SNOW-2677419: Add support for resample functions in faster pandas (#3990)

sfc-gh-helmeleegy · web-flow · commit 377001a64382 · 2025-11-07T12:42:06.000-08:00
diff --git a/CHANGELOG.md b/CHANGELOG.md
@@ -166,6 +166,19 @@
   - `groupby.resample`
   - `to_snowflake`
   - `to_snowpark`
+  - `resample.min`
+  - `resample.max`
+  - `resample.count`
+  - `resample.sum`
+  - `resample.mean`
+  - `resample.median`
+  - `resample.std`
+  - `resample.var`
+  - `resample.size`
+  - `resample.first`
+  - `resample.last`
+  - `resample.quantile`
+  - `resample.nunique`
 - Make faster pandas disabled by default (opt-in instead of opt-out).
 - Improve performance of `drop_duplicates` by avoiding joins when `keep!=False` in faster pandas.
 
diff --git a/src/snowflake/snowpark/modin/plugin/compiler/snowflake_query_compiler.py b/src/snowflake/snowpark/modin/plugin/compiler/snowflake_query_compiler.py
@@ -15752,6 +15752,42 @@ def resample(
         resample_method_args: tuple[Any],
         resample_method_kwargs: dict[str, Any],
         is_series: bool,
+    ) -> Union["SnowflakeQueryCompiler", collections.defaultdict[Hashable, list]]:
+        """
+        Wrapper around _resample_internal to be supported in faster pandas.
+        """
+        relaxed_query_compiler = None
+        if self._relaxed_query_compiler is not None:
+            result = self._relaxed_query_compiler._resample_internal(
+                resample_kwargs=resample_kwargs,
+                resample_method=resample_method,
+                resample_method_args=resample_method_args,
+                resample_method_kwargs=resample_method_kwargs,
+                is_series=is_series,
+            )
+            if isinstance(result, SnowflakeQueryCompiler):
+                relaxed_query_compiler = result
+            else:
+                return result
+        result = self._resample_internal(
+            resample_kwargs=resample_kwargs,
+            resample_method=resample_method,
+            resample_method_args=resample_method_args,
+            resample_method_kwargs=resample_method_kwargs,
+            is_series=is_series,
+        )
+        if isinstance(result, SnowflakeQueryCompiler):
+            return self._maybe_set_relaxed_qc(result, relaxed_query_compiler)
+        else:
+            return result
+
+    def _resample_internal(
+        self,
+        resample_kwargs: dict[str, Any],
+        resample_method: AggFuncType,
+        resample_method_args: tuple[Any],
+        resample_method_kwargs: dict[str, Any],
+        is_series: bool,
     ) -> Union["SnowflakeQueryCompiler", collections.defaultdict[Hashable, list]]:
         """
         Return new SnowflakeQueryCompiler whose ordered frame holds the result of a resample operation.

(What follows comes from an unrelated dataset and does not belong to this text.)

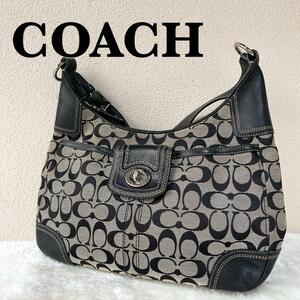 美品COACHコーチセミショルダーバッグトートバッグブラック黒シグネチャー総柄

diff --git a/tests/integ/modin/test_faster_pandas.py b/tests/integ/modin/test_faster_pandas.py
@@ -1029,6 +1029,63 @@ def test_rename(session):
         assert_frame_equal(snow_result, native_result)
 
 
+@pytest.mark.parametrize(
+    "func",
+    [
+        "max",
+        "min",
+        "mean",
+        "median",
+        "sum",
+        "std",
+        "var",
+        "count",
+        "size",
+        "first",
+        "last",
+        "quantile",
+        "nunique",
+    ],
+)
+@sql_count_checker(query_count=5, join_count=1)

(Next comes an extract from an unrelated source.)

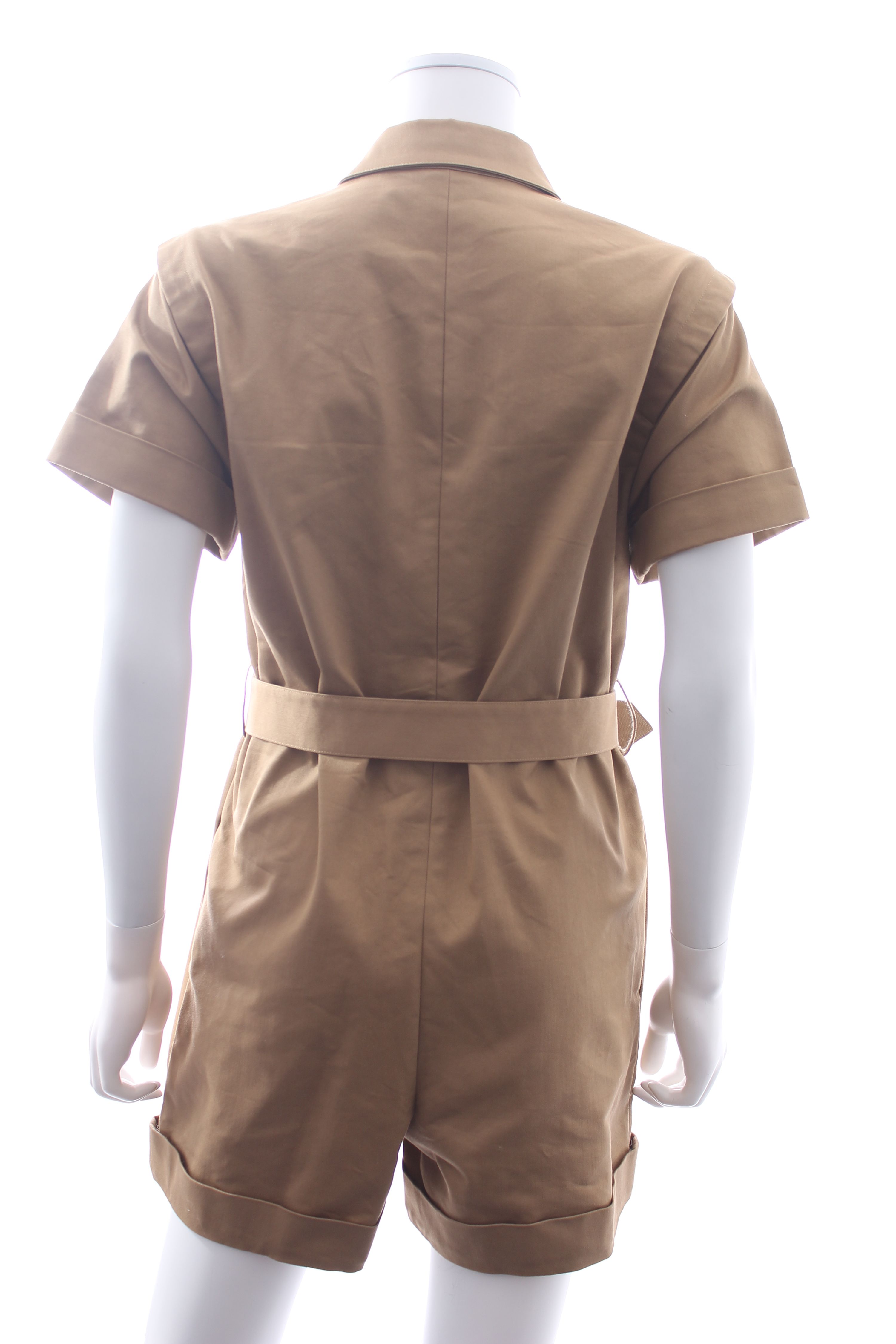 Preowned Frame Belted Utility Playsuit Size S Khaki Tan cotton/polyester/viscose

+def test_resample(session, func):
+    with session_parameter_override(
+        session, "dummy_row_pos_optimization_enabled", True
+    ):
+        # create tables
+        table_name = Utils.random_name_for_temp_object(TempObjectType.TABLE)

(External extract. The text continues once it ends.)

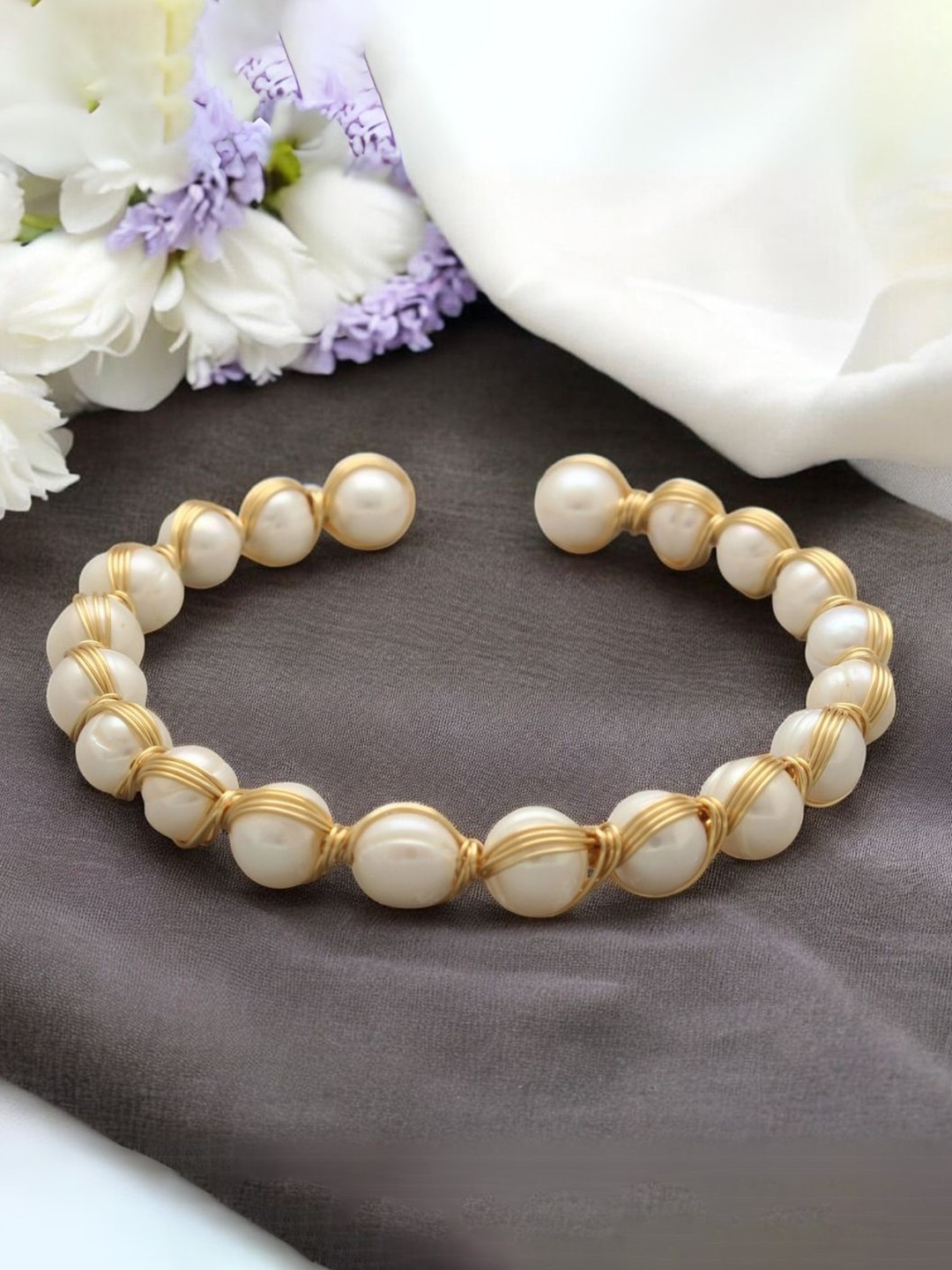 

Sri Jagdamba Pearls Dealer Gold-Plated Pearls Cuff Bracelet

+        session.create_dataframe(
+            native_pd.DataFrame(
+                {"A": np.random.randn(15)},
+                index=native_pd.date_range("2020-01-01", periods=15, freq="1h"),
+            ).reset_index(drop=False)
+        ).write.save_as_table(table_name, table_type="temp")
+
+        # create snow dataframes
+        df = pd.read_snowflake(table_name, index_col="index")
+        snow_result = getattr(df.resample(rule="2h", closed="left"), func)()
+
+        # verify that the input dataframe has a populated relaxed query compiler
+        assert df._query_compiler._relaxed_query_compiler is not None
+        assert df._query_compiler._relaxed_query_compiler._dummy_row_pos_mode is True
+        # verify that the output dataframe also has a populated relaxed query compiler
+        assert snow_result._query_compiler._relaxed_query_compiler is not None
+        assert (
+            snow_result._query_compiler._relaxed_query_compiler._dummy_row_pos_mode
+            is True
+        )
+
+        # create pandas dataframes
+        native_df = df.to_pandas()
+        native_result = getattr(native_df.resample(rule="2h", closed="left"), func)()
+
+        # compare results
+        if func == "size":
+            assert_series_equal(snow_result, native_result, check_freq=False)
+        else:
+            assert_frame_equal(snow_result, native_result, check_freq=False)
+
+
 @pytest.mark.parametrize(
     "func",
     [